John,
Excellent news to see movement on env.js and htmlparser.js.
The main problem I found when trying to use the original env.js to
scrape stuff with was the fact that env.js demands the response to be
well-formed valid html. I did originally try to use htmlparser.js to
massage the response but found myself adding on so many kludges that I
resorted to simply shelling out to TagSoup so:
var cleanup = { input: self.responseText, output: '', args: ['-jar',
'/usr/local/java/tagsoup-1.2.jar'] };
var cleanupsoak = runCommand('java', cleanup);
self.responseText = cleanup.output;
<<<
Now that things are moving, I actually bothered to look to see what
htmlparser.js was doing and realised that there were a couple of
problems with the regex dealing with style and script elements.
First, the use of .* - that needs to be [\s\S]*.

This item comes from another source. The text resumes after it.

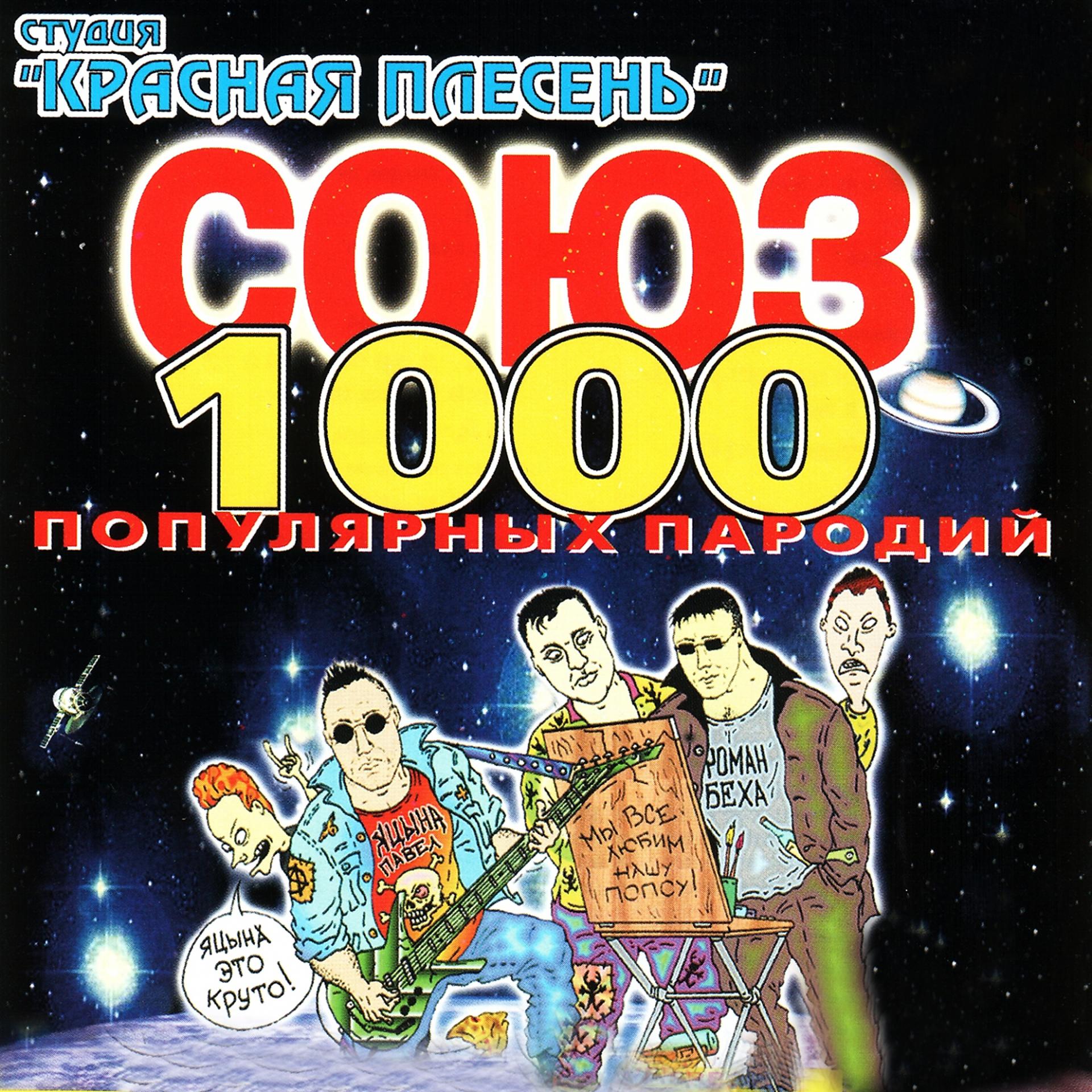 Постер альбома СОЮЗ популярных пародий 1000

(see http://blog.stevenlevithan.com/archives/singleline-multiline-confusing
)
Second, the backslash in the regex object to match the closing tag
itself needs to be escaped for it to work.
I've put a patch which fixes these problems here:
http://fu2k.org/alex/javascript/htmlparser/htmlparser.patch.20081012.js
which as far as I can tell is the cause of these reports:
http://ejohn.org/blog/pure-javascript-html-parser/#comment-308850
http://ejohn.org/blog/pure-javascript-html-parser/#comment-310521
The patch also includes a fix for a different problem - namely that
htmlparser.js falls over when presented with a string that contains a
doctype declaration. All I've done is strip the doctype out. I'm sure
that something better can be done than that, but I thought it better
to do that for now, rather than just have things fall over.
The html += ''; is because, well, rhino claims that the doctype regex
is ambiguous sometimes - it seems that it needs an extra nudge to make
sure that it's treated as a javascript string rather than a java
string object.
I've not provided a patch for another problem that I've noted with in
the wild html - script elements within the body element. That's
because, to be honest, I can't totally get my head around how
htmlparser.js works.
Anyhow, fix that and it would be trivial to change env.js like so:
728a729
> var responseText = HTMLtoXML(self.responseText);
732c733
< self.responseText)).getBytes("UTF8")));
---
> responseText)).getBytes("UTF8")));
If you wanted to, that is ;)